--- To do ---
Write out every line exactly, from the first line of the records below through the line that contains "Fleming, who discovered the".
*** Provided records Section Begins ***
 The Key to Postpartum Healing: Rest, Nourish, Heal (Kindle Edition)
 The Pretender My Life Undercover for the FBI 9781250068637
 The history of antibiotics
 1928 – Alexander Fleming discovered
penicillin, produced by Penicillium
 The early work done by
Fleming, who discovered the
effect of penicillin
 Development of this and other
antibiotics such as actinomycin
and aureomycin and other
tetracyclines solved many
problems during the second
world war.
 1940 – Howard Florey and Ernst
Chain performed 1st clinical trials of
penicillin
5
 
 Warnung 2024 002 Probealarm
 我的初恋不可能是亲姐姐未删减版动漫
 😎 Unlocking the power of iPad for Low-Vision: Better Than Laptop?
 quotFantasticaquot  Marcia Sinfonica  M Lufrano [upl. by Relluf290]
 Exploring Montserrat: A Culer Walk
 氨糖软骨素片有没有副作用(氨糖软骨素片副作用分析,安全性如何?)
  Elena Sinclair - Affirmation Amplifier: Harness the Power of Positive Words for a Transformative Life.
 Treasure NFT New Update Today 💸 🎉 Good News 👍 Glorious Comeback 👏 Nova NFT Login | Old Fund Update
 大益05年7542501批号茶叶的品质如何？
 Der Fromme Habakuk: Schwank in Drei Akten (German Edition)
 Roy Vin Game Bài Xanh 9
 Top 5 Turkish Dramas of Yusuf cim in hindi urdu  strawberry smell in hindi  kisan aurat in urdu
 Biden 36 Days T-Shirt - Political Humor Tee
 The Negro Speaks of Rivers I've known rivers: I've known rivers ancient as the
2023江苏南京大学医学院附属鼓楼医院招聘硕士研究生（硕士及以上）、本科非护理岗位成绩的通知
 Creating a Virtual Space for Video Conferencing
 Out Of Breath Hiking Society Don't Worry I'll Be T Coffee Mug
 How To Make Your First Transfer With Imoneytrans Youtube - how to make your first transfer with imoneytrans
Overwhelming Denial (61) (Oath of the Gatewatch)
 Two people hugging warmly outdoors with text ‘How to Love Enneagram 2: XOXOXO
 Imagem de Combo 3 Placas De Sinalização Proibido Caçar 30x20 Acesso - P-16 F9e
*** Provided records Section Ends ***
--- Your solution ---
 The Key to Postpartum Healing: Rest, Nourish, Heal (Kindle Edition)
 The Pretender My Life Undercover for the FBI 9781250068637
 The history of antibiotics
 1928 – Alexander Fleming discovered
penicillin, produced by Penicillium
 The early work done by
Fleming, who discovered the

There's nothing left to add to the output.